How to Maintain Relationships in a Remote Office

How popular is working remotely? At last count, more than 1.7 million Canadians work from home at least one day a week. In fact, many businesses don’t even have offices anymore. Instead, everyone connects via email, messaging apps, and phone calls. And why not? There are lots of benefits, from lower overhead to better productivity.

Of course, working remotely has challenges. One of the biggest: how to maintain relationships. Here are a few tips that will help.

Make Sure Your Team Knows Your Schedule

If you’re in an office, it’s easy to know when you’re available—a co-worker just has to see if you’re present. This is harder when everyone is remote, so make sure everyone knows what hours everyone else is working. This is even more important when people are in different time zones. If possible, have your organisation use scheduling software.

Don’t Leave Emails Hanging

Everyday, you get emails that you can’t comprehensively respond to right away. They’re stuff like, “Hey, do you have that TPS Report done yet?” or “Have you reviewed my slideshow for the client?”

In a remote environment, it’s important to communicate early and often. Instead of waiting, reply immediately with something like “Not yet, but I’ll have that done on Wednesday.”

Narrow Down Your Communication Methods

It doesn’t matter which communication app or tool your team uses, so long as you pick one. It’s hard to communicate effectively over Facebook, text, WhatsApp, phone calls, Google Hangouts, video chat, Slack, and a dozen or so other options. So get together as a team and agree on how you’ll communicate.

Circulate Meeting Plans Ahead of Time

Make sure everyone knows what’s on the table for a meeting a few days before it happens. This will help everyone adequately prepare and keep the meeting as brief as possible. If you have team members across many time zones, try and schedule between Tuesday and Thursday. Avoiding Monday and Friday will avoid impacting anyone’s weekend too much.

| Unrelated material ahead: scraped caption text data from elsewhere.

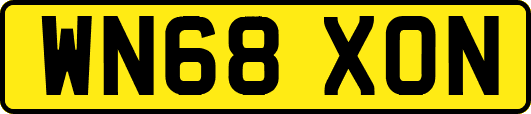 WN68XON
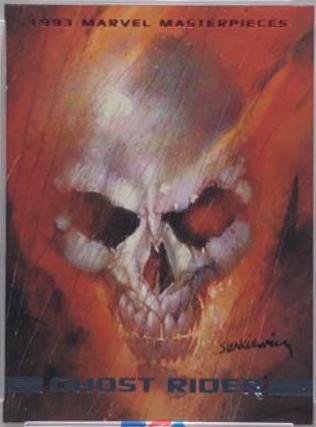 Ghost Rider #13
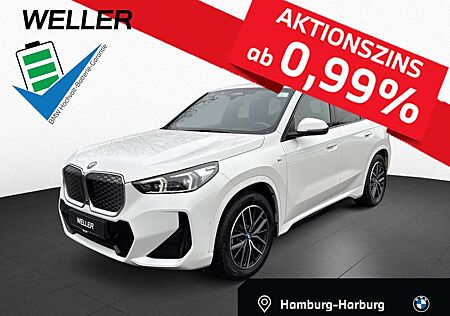 BMW iX1 xDrive 30 M SPORT 360°,AHK,Leas.o.Anz.444,-
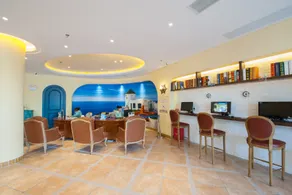 Nantong Qidong Good Hotel - Image 2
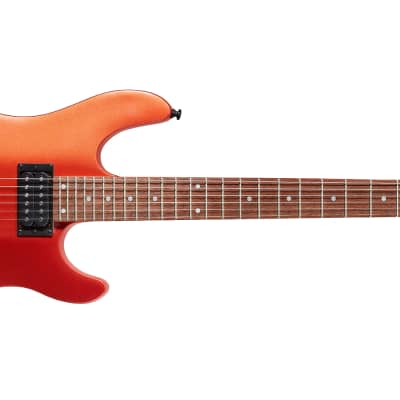 Cort KX1Q Red (s827) | Reverb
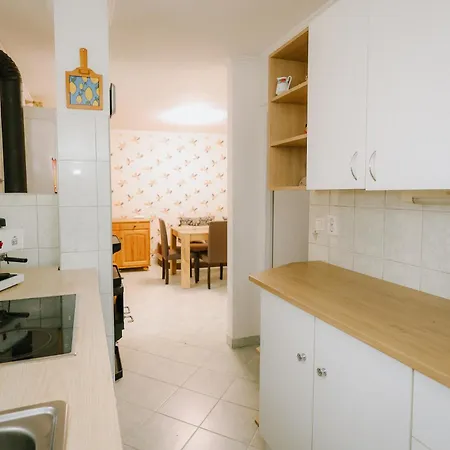 Szentandras Nyaralo Holiday home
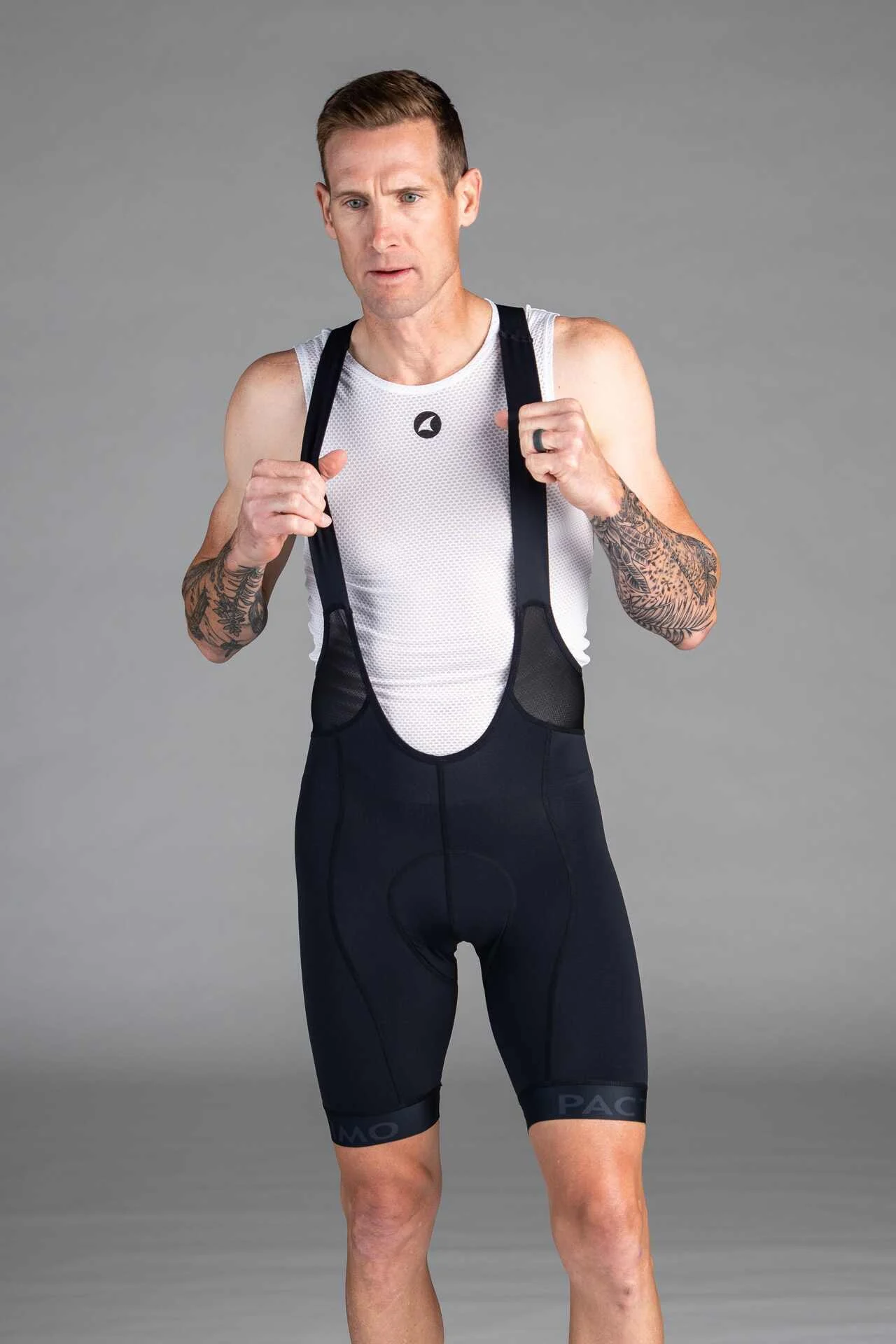 Men's Ascent Vector Bib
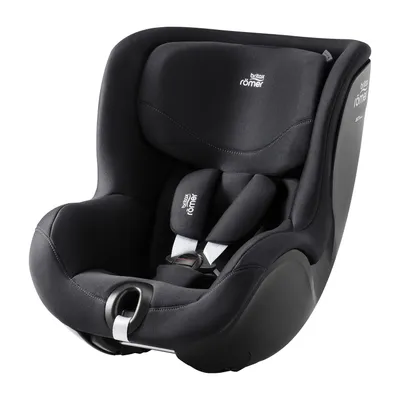 Britax Römer Autostoel DUALFIX 5Z Classic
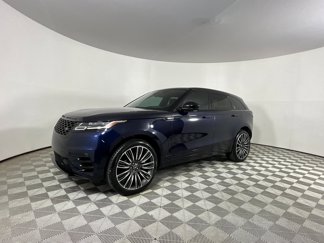 Certified 2023 Land Rover Range Rover Velar R-Dynamic S image 1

Include Remote Workers in Office Activities

If your team is part remote and part in-house, make sure the in-house portion of the team includes the remote workers in everything from relevant meetings to office social events. Social events are especially important.

Have Hard Conversations Face-to-Face

Certain topics, like criticism, major setbacks, and team shakeups, demand a level of seriousness that can’t or shouldn’t be communicated over text or messaging. Have these conversations in person, or failing that, over video chat.

Schedule Regular Catch Up Time

Once a week or so, schedule a brief phone call with each of your team members just to chat. It’s important to keep abreast of what’s going on outside of immediate sphere and to let others know what’s going on with you.

Once a month or so, try and meet for more formal face-to-face meetings, if possible. It’s important to get a sense of how the whole person communicates, body language and all. This will help you better judge their written communication.